Dazu gibt es bei der CD-Version noch den Live Auftritt aus Tokyo von 1992 und in der Box Version noch die Auftritte aus Düsseldorf und Köln. Letzterer trägt den bezeichnenden Titel „The Final Witchhunt“, da es sich dabei um den letzten Auftritt zusammen mit dem Schlagzeuger Chris Witchhunter handelte.
Über das Album selbst muss man glaube ich hier wenige Worte verlieren. Neben Thrash-Klassikern wie „Body Parts“, „Skinned Alive“, „Bullet in the Head”, “The Crippler” „Hunting Season“ oder dem Titeltrack “Tapping the Vein” hatte dieses Album deutlich mehr zu bieten. So gab es erneut auch etwas langsamere Songs wie „One step over the Line“ oder dem sehr düsteren „Reincarnation“.

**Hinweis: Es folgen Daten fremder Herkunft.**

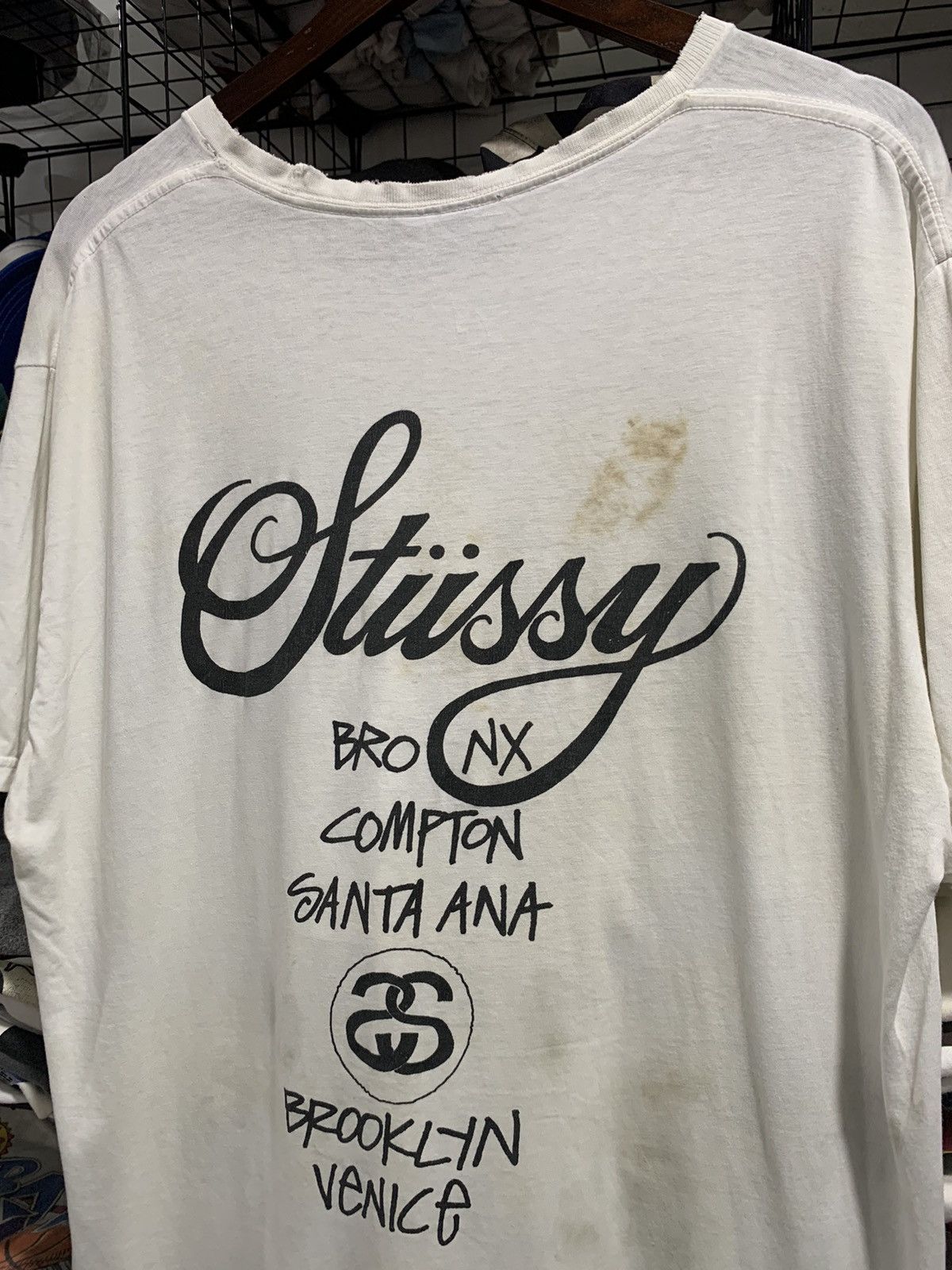 Stussy Distressed Stussy Tshirt Size US L / EU 52-54 / 3 - 5 Thumbnail
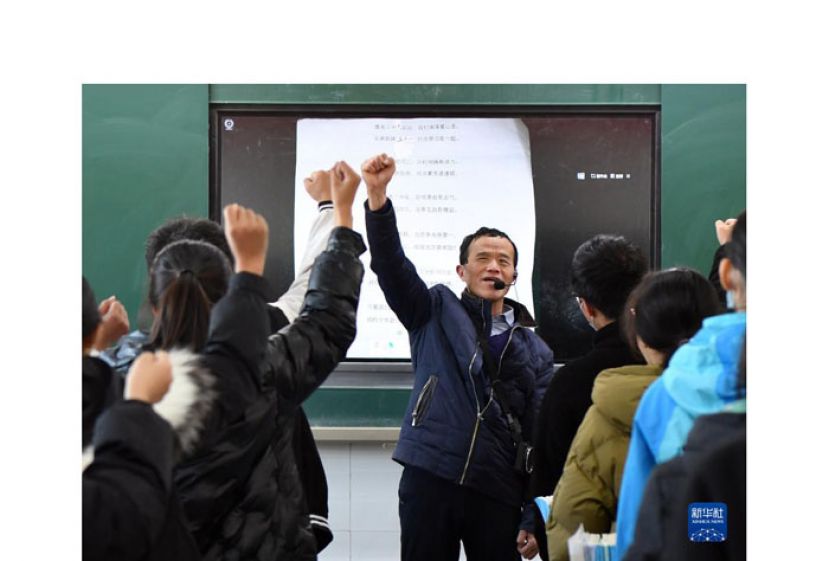 卢文建在课堂上鼓励学生。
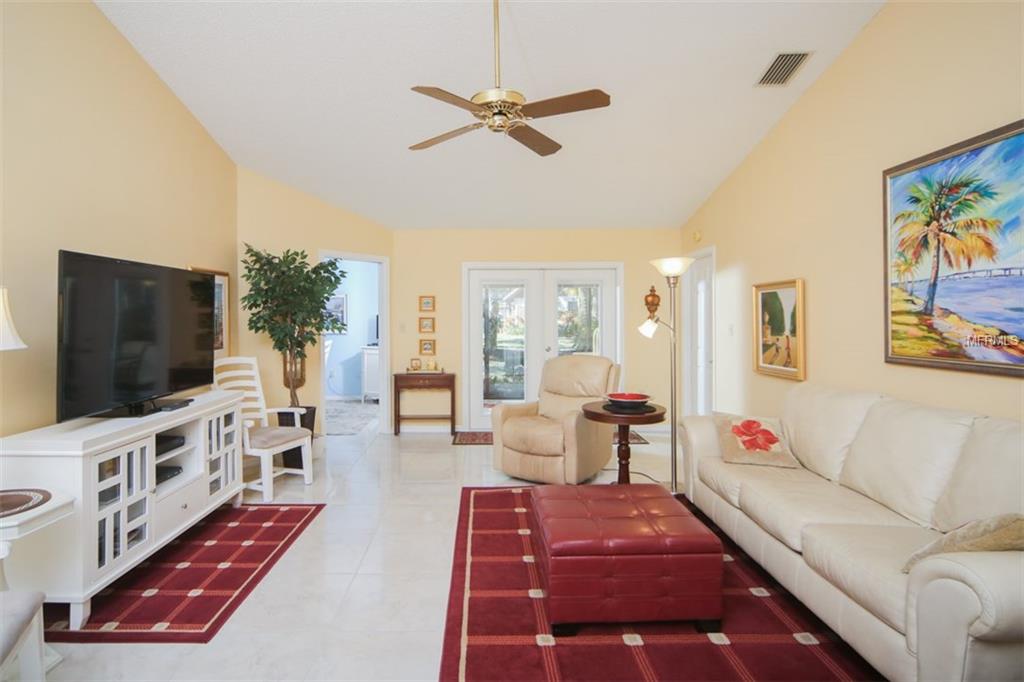 4640 OAK FOREST DRIVE E, SARASOTA, Florida 34231, 2 Bedrooms Bedrooms, 7 Rooms Rooms,2 BathroomsBathrooms,Residential,For sale,OAK FOREST,A4208215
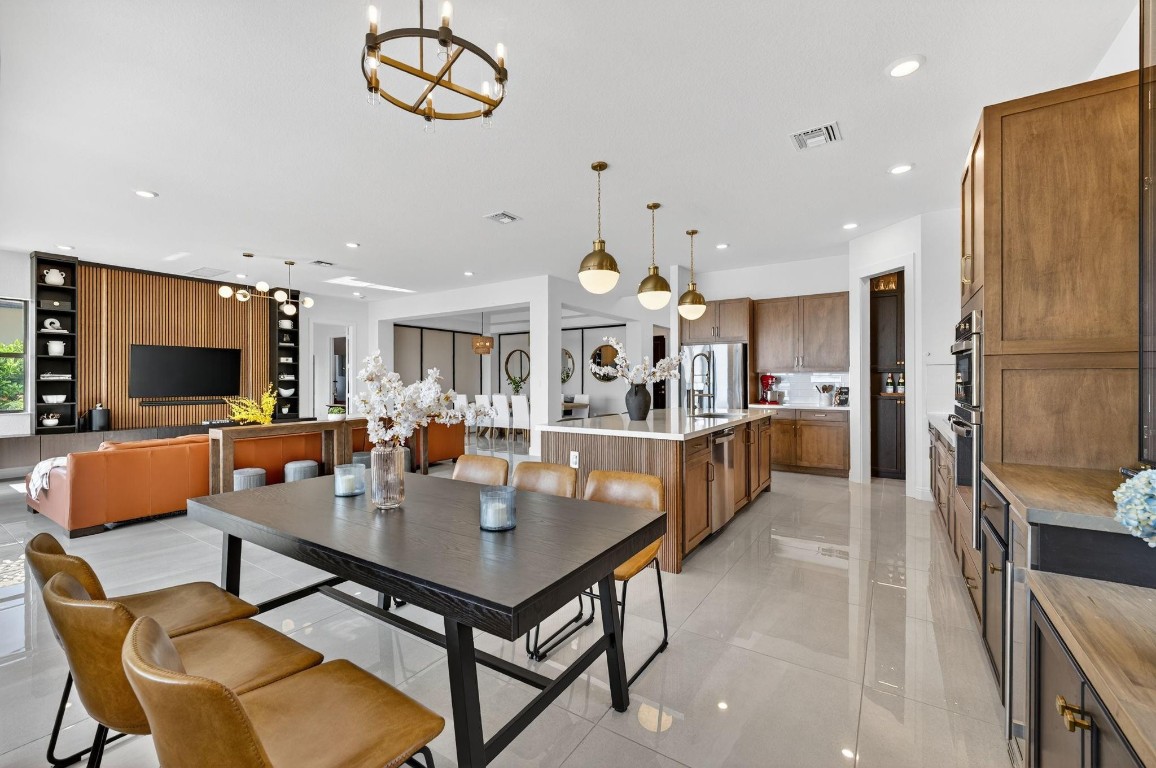 Parkland Bay 183-49 B - Residential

Daneben bot dieses Album eine komplette neue Sodom-Ausrichtung. Nach der Kooperation mit Bela B auf der Single „Ausgebombt“ hat man hier ein komplett neues Kapitel bei Sodom geöffnet. Mit „Wachturm“ gab es einen komplett auf Deutsch gesungenen Thrash Metal Klassiker. Dieses war ein Novum, dem noch viele folgen sollten.
Die digitale Überarbeitung holt jetzt das Beste aus diesen Songs heraus und es macht richtig Spaß dieses Album noch einmal zu entdecken. Der Sound ist deutlicher und das Lautstärkelevel ist nun auch angepasst, was mich bei der damaligen CD-Veröffentlichung immer ein wenig gestört hatte.
Das wirklich Neue an dieser Veröffentlichung sind aber die Bonus-CDs. Neben dem Album in einer „Redux“ Version auf der zweiten CD sowie drei Alternative Versionen von „Body Parts“, „Wachturm“ und „Reincarnation“, die vom damaligen Gitarristen Andy Brings komplett neu abgemischt wurden. Ein guter rauer Mix, bei dem man meiner Vermutung nach, die eigentliche Idee hinter der damaligen Abmischung hören kann – ähnlich wie die neuen Abmischungen bei den Beatles Alben. „Tapping the Vein“ klingt dadurch viel rauer und düsterer und vor allem das Schlagzeug von Chris Witchhunter kommt mehr zur Geltung.
Dazu kommen noch drei sehr gute Live-Auftritte. Während man „Live in Tokyo“ auch in der CD-Version enthalten ist, bekommt man „Live in Düsseldorf“ und „Live in Cologne – The Last Witchhunt“ nur in der Deluxe Edition, der Sammlerbox für Fans mit 3 Vinyls und 2 CDs. Dies sind allesamt fette Live Bretter, die den Fan Wehmütig an die große Zeit des Thrash Metals in den 1980ern und 1990ern zurückdenken lassen.
Für mich ist diese Neuveröffentlichung der „Tapping the Vein“ (oder Sodoms „blaues Album“) als nun schon etwas älterer Fan der Band eine große Freude. Die neue Abmischung ist hervorragend – sei es nun die digitale Aufhübschung des Albums, oder der neue Mix von Andy Brings. Beide Versionen haben etwas für sich und machen wirklich Spaß. Als Bonus hat man dann noch einen (beziehungsweise drei) sehr guten Live-Auftritt mit einigen der größten Sodom Songs. Was möchte man eigentlich mehr?
„Tapping the Vein“, „Aber bitte mit Sahne“ und „Get what you deserve” waren für mich immer drei der besten Sodom Alben. Vielleicht lag es daran, dass es für mich die drei ersten Alben (beziehungsweise EPs) der Band waren. Vielleicht sehe ich das Ganze daher mit einer rosaroten Brille, aber ich kann Sodom Fans. egal ob jung oder alt, diese Neuauflage nur ans Herz legen. Die Herren Brings und Angelripper haben sich aus meiner Sicht wirklich viel Mühe mit dieser Neuauflage gegeben.